Pengembang apartemen Meikarta, PT Mahkota Sentosa Utama (MSU), dinilai keliru dalam mengajukan gugatan terhadap 18 konsumennya dengan dalih pencemaran nama baik. Pangkalnya, penggugat mestinya perseorangan bukan institusi, korporasi, profesi, atau jabatan.
"Keputusan Bersama Menteri Komunikasi dan Informatika, Jaksa Agung, dan Kepala Kepolisian RI mengenai Pedoman Implementasi Pasal 27 ayat (3) UU ITE menjelaskan yang dimaksud dengan korban dalam kasus pencemaran nama baik haruslah orang perseorangan dengan identitas yang jelas," tulis LBH Jakarta dalam keterangannya, Jumat (3/2).
"Penjelasan yang komprehensif tersebut juga seharusnya diikuti dengan memaknai pasal-pasal serupa di luar dari KUHP dan UU ITE seperti yang diatur dalam Pasal 1.372 KUHPerdata. Pasal 1.372 tersebut memberikan batasan hakim harus memperhatikan berat-ringannya penghinaan, begitu pula pangkat, kedudukan dan kemampuan kedua belah pihak, dan pada keadaan," imbuhnya.

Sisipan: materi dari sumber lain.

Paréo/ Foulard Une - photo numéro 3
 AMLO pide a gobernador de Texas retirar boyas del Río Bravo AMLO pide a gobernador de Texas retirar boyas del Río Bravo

PT MSU menggugat 18 konsumennya ke PN Jakbar pada 26 Desember 2022 karena dinilai mencemarkan nama baik perusahaan. Para konsumen pun dituntut secara tanggung renteng mengganti kerugian Rp56,1 miliar, yang terdiri dari akibat perbuatan melawan hukum Rp44,1 miliar dan kerugian imateriel Rp12 miliar.
Anak usaha PT Lippo Karawaci Tbk ini juga meminta para konsumennya menghentikan dan tidak mengulangi semua tindakan, aksi, dan pernyataan yang dituding memfitnah dan merusak reputasi dan nama baik PT MSU.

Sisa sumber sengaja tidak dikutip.